Energy issues have always confused me. Growing up I was always told that we’re an island nation built on coal and surrounded by fish.
I always had a tribal instinct that took enormous pride in the courage and resilience of miners and their communities. I always regarded them as the shock troops of any proletarian battle against the forces of reaction.
And yet, while there was always something noble about miners there was a contradiction, how on earth can anyone who supports the cause of workers emancipation conspire to send men into dangerous and unwholesome working conditions? To labour in dark hideous holes often miles underground with the possibility of death or serious injury only a pickaxe stroke away?
Yet we need more and more energy, our demand appears insatiable and with the destruction of the mining industry despite millions of tons of good coal underfoot we need to find alternatives.

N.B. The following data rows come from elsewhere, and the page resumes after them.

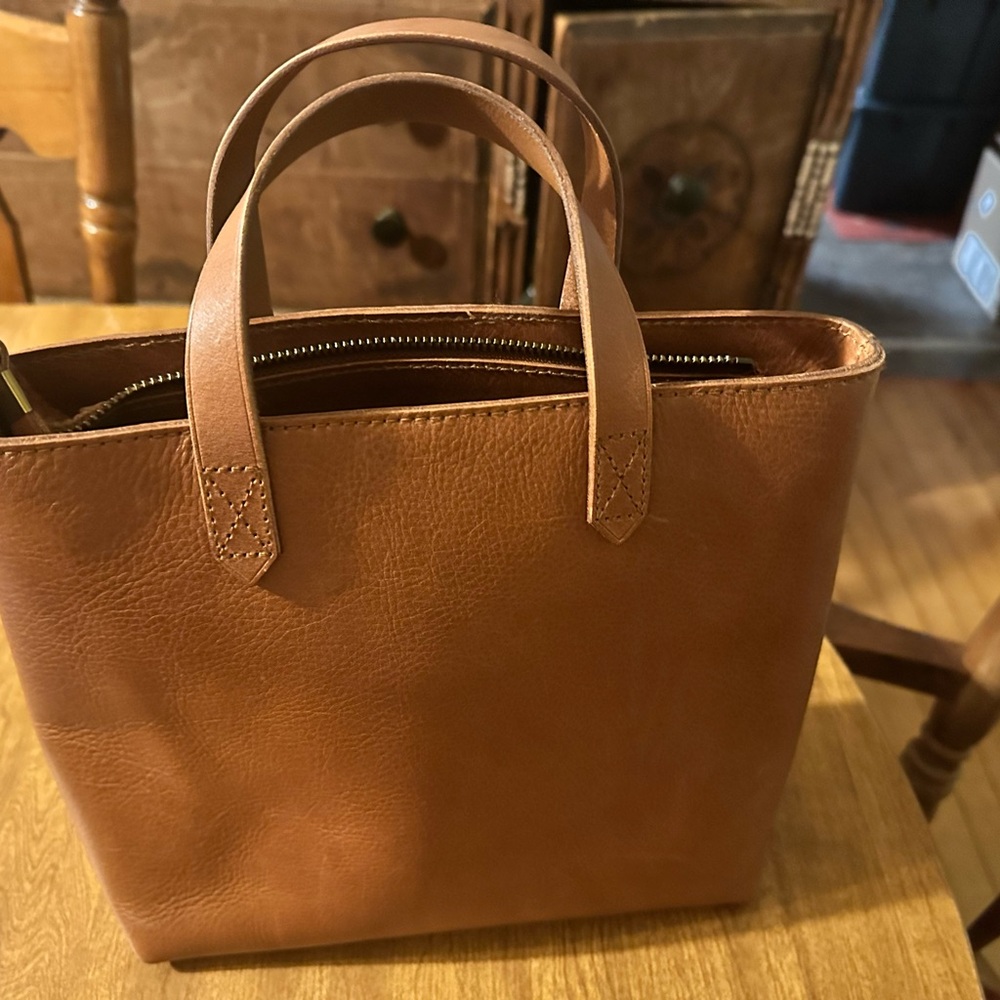Madewell zippered transport crossbody leather tote nwt
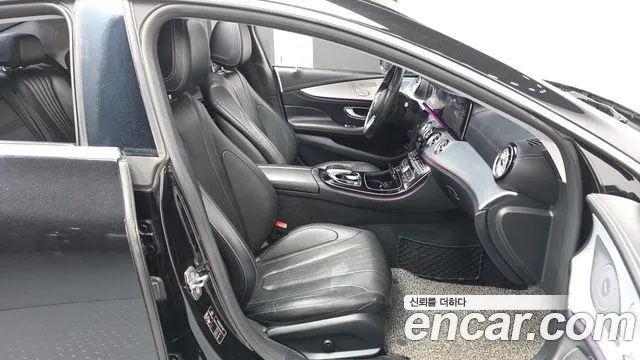Mercedes-Benz CLS-Class 2019 — фото 11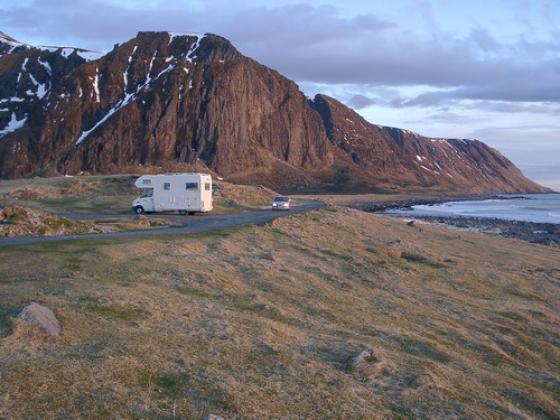 Noen fikk med seg opplevelsen av sein kveldsol  inn fra storhavet.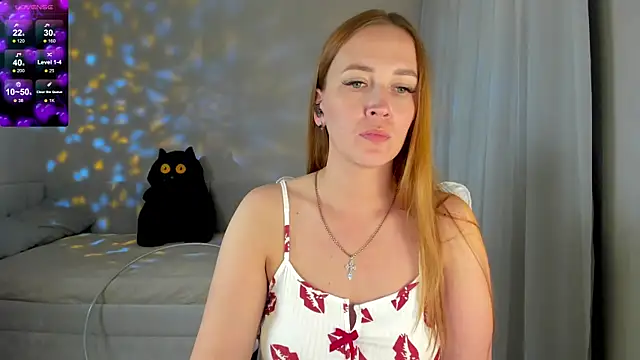 Snapshot of she_wolf chatting on June 3, 3:06 pm she wolf online show from June 3, 3:06 pm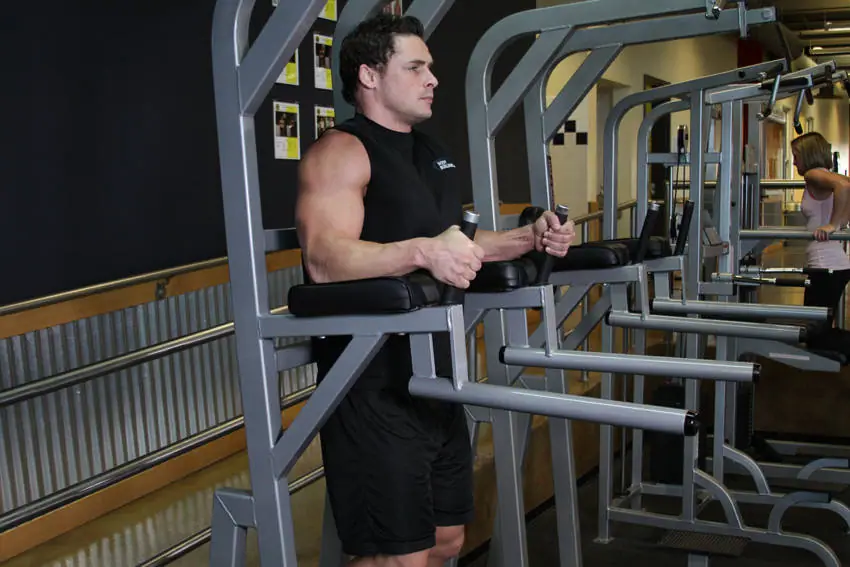 Knee/Hip Raise On Parallel Bars — posisi awal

This always presents me with a range of dilemmas. Nuclear power for years seemed to me to be a reasonable alternative, but events like Three Mile Island, Chernobyl and Japan two years ago have convinced me that maybe nuclear is not all its cracked up to be.
The oil industry is not all that it’s purported to be either, just ask the folk in the Gulf of Mexico whose lives and livelihoods were destroyed by those careless cowboys of multinational oil production-BP!
So we turn to our green friends who preach wind power, solar power and even wave power. Sustainable energy looks good and probably is good but it all seems like too much hard work to me.
Yet according to those clever chaps in the energy business there is a new wonder solution lying even deeper than the coal seams below our feet.
The wonders of fracking!
The possibility of almost anywhere in this country you can sink a well, send some water and sand down under very high pressure and hey ho – gas and oil in royal abundance.
All our problems solved!
Well they may be right, but I’m not convinced that the technology is that good. A minor earth tremor near Morecambe does not convince me that it’s the answer to an energy junkie’s prayer.
What is even worse that the boys in the fracking business aren’t even state businesses where their political masters might have some sensibilities to electors’ concerns.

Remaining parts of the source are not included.